Ich möchte gern ein Logo nachstellen:
http://www.templatehelp.com/screenshots/13000/13056-m.jpg

Kann mir jemand sagen, wie ich das in PS am besten machen kann, bzw. wie ich vorgehen kann?
Oder kann mir jemand die ersten Schritte in einer PSD-Datei zur Verfügung stellen?

Danke,
s.


----------



## Jan-Frederik Stieler (20. Januar 2007)

Hi,
also auf eventuelle Rechtsverletzungen beim Nachbau gehe ich jetzt mal nicht ein.
Aber so von vorneherein würde ich das in einem Vektorprogramm nachbauen und nicht in einem EBV-Programm.
Mit dem Pfagwerkzeug erstellst du je nach dem welche PS-Version du hast eine Vektormaske, welcher du auch gleich eine Farbe zu weisen kannst. Ansonsten mußt du dir eine Auswahl mit dem Lasso erstellen und mit eienr Farbe füllen.
Den Schriftzug schreibst du mit dem Textwerkzeug, sofern du über die gleiche Schrift verfügst. Ansonsten eben auch wieder nachbauen oder eien andere Schrift verwenden.

Viele Grüße

PS: Dieser Beitrag gehört jedoch in das PS Forum und nicht in die Creative Lounge.


----------



## johndoe083 (21. Januar 2007)

Es ist schon möglich, auch in PS so ein Logo nachzustellen. Am besten gehst du dabei so vor, dass du mit dem Zeichenstift (Pen Tool) die einzelnen Formen nachzeichnest und die Pfade dann als Auswahl speicherst o. ä.

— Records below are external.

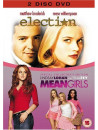 Mean Girls / Election (2 Dvd) [Edizione: Regno Unito]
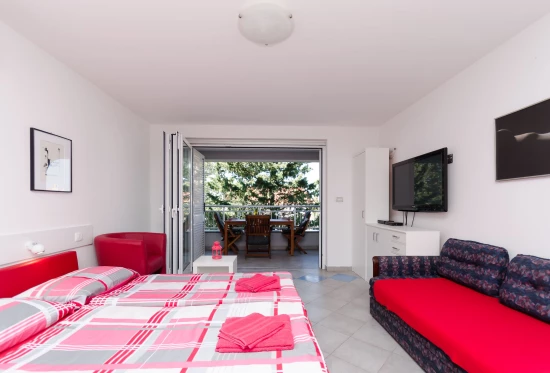 Apartmán Ostrov Krk - Punat OS 8204 N1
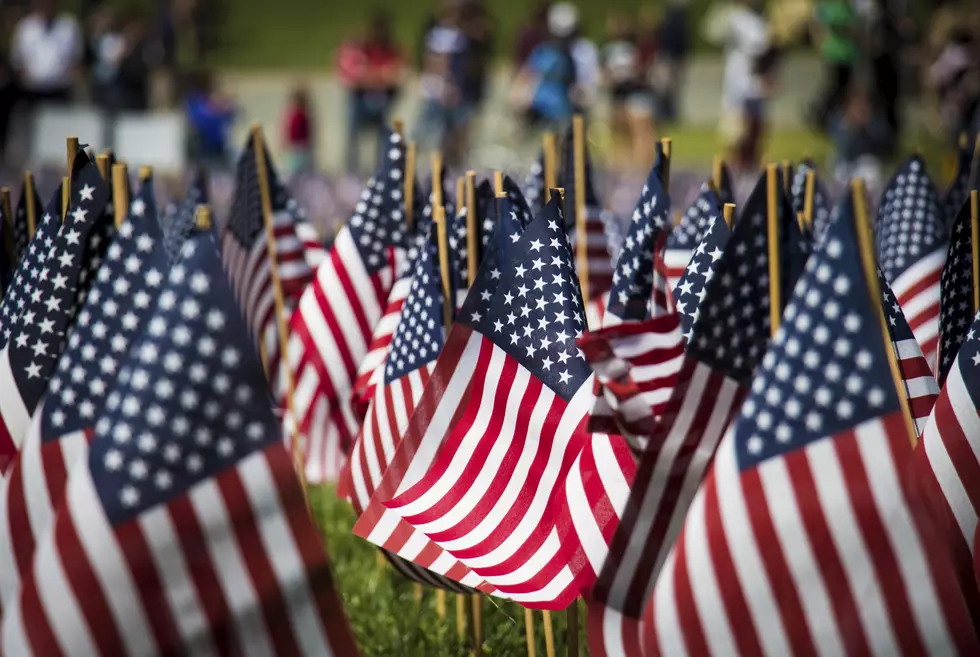 Join the Field of Heroes Flag Display in Owatonna Memorial Day Weekend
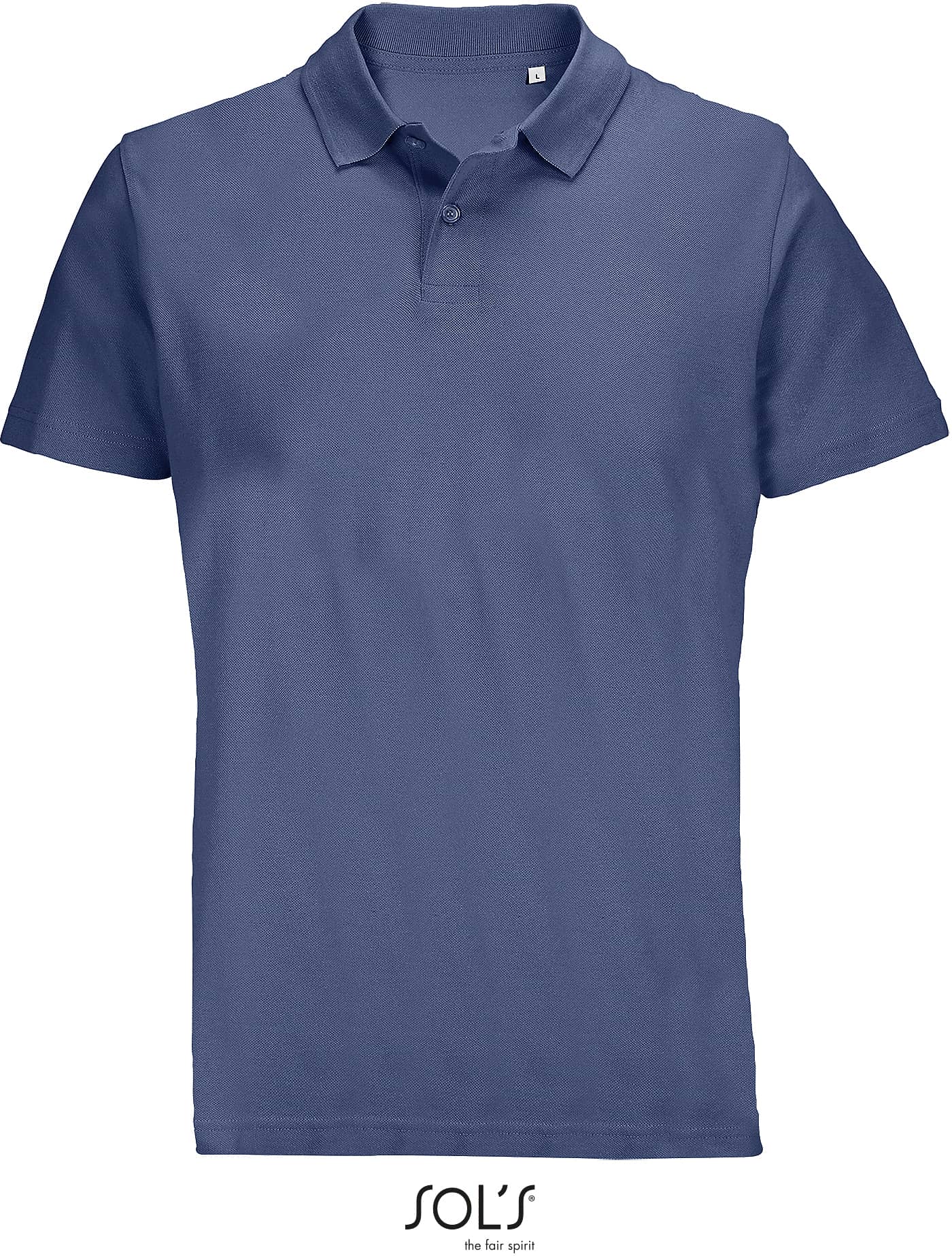 Unisex Pulse Polo Shirt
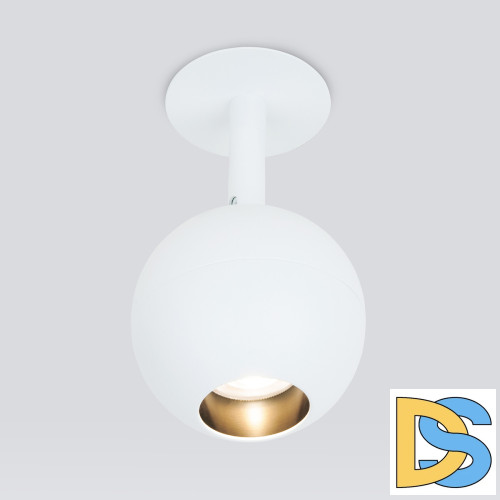 Встраиваемый светильник Elektrostandard Ball 4690389169809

Am besten wäre, du suchst dir ein Tutorial zum Arbeiten mit dem Zeichenstift. Dann wirds dir klar werden, wie es für dicham einfachsten geht.

lg
John


----------



## helaukoenig (30. Januar 2007)

Die Vorlage eignet sich bestens für das Nachzeichnen in einem Vektorgrogramm wie Illustrator, Freehand oder Inkscape. Also, warum sollte man dann mit den Vektor-Werkzeugen in einem Pixel-Programm arbeiten?
Und Tutorials über das Arbeiten mit Nachzeichnen gibt es hier sicherlich genug.


----------